TASK DATA START
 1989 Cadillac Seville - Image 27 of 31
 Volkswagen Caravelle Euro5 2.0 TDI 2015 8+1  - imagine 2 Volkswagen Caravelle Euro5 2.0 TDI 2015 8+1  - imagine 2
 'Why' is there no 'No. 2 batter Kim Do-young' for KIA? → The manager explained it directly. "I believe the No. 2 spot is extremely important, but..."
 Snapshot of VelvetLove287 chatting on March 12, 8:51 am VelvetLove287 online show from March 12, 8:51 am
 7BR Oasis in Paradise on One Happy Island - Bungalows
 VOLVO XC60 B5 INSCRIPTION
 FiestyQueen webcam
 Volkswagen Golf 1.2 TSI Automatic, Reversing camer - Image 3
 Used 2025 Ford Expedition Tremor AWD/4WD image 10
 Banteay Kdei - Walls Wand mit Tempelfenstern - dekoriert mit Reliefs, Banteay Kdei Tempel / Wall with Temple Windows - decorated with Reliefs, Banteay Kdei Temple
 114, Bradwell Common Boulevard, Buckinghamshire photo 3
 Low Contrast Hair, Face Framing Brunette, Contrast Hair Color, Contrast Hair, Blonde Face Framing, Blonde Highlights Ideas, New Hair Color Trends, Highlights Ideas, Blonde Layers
TASK DATA END
*TASK PROMPT*: Every record above should be written out exactly.

*FINISHED TASK*:
 1989 Cadillac Seville - Image 27 of 31
 Volkswagen Caravelle Euro5 2.0 TDI 2015 8+1  - imagine 2 Volkswagen Caravelle Euro5 2.0 TDI 2015 8+1  - imagine 2
 'Why' is there no 'No. 2 batter Kim Do-young' for KIA? → The manager explained it directly. "I believe the No. 2 spot is extremely important, but..."
 Snapshot of VelvetLove287 chatting on March 12, 8:51 am VelvetLove287 online show from March 12, 8:51 am
 7BR Oasis in Paradise on One Happy Island - Bungalows
 VOLVO XC60 B5 INSCRIPTION
 FiestyQueen webcam
 Volkswagen Golf 1.2 TSI Automatic, Reversing camer - Image 3
 Used 2025 Ford Expedition Tremor AWD/4WD image 10
 Banteay Kdei - Walls Wand mit Tempelfenstern - dekoriert mit Reliefs, Banteay Kdei Tempel / Wall with Temple Windows - decorated with Reliefs, Banteay Kdei Temple
 114, Bradwell Common Boulevard, Buckinghamshire photo 3
 Low Contrast Hair, Face Framing Brunette, Contrast Hair Color, Contrast Hair, Blonde Face Framing, Blonde Highlights Ideas, New Hair Color Trends, Highlights Ideas, Blonde Layers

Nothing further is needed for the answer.